PROBLEM STATEMENT
Reproduce exactly only the lines from the line that holds "Cosyhomes24 - Centrally" to the line that holds "Used 2018 Jeep", inclusive, in the listing below, and please leave out every picture.

DATA RECORDS
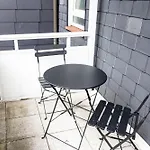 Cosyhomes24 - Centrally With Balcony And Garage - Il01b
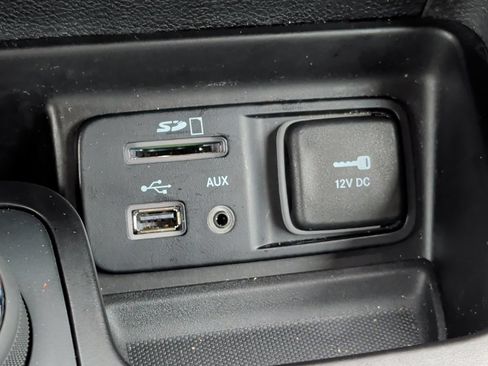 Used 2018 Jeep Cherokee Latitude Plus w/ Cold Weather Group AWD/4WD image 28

==

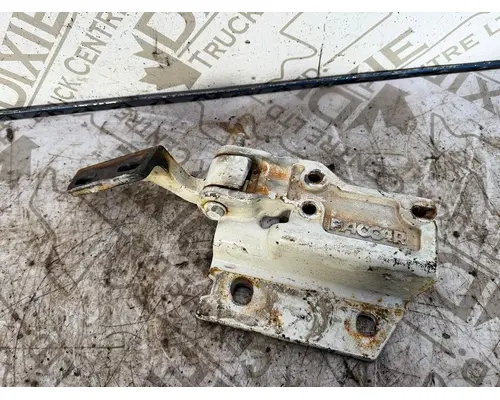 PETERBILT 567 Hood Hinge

==

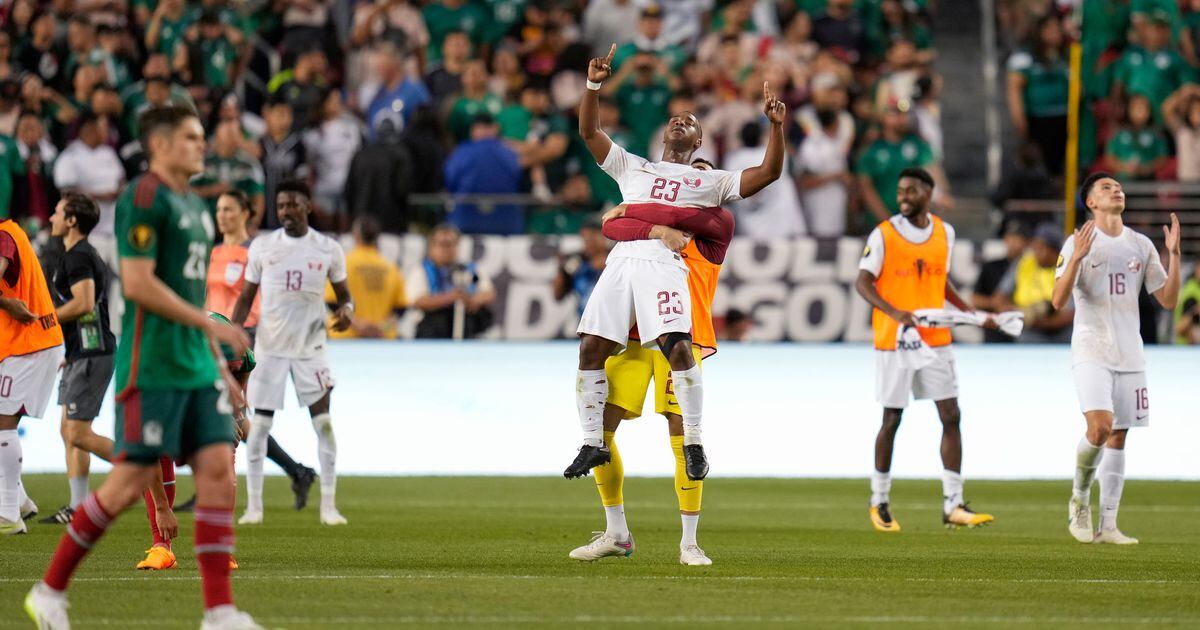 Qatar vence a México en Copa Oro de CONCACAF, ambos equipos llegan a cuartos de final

RESULT BELOW
 Cosyhomes24 - Centrally With Balcony And Garage - Il01b
 Used 2018 Jeep Cherokee Latitude Plus w/ Cold Weather Group AWD/4WD image 28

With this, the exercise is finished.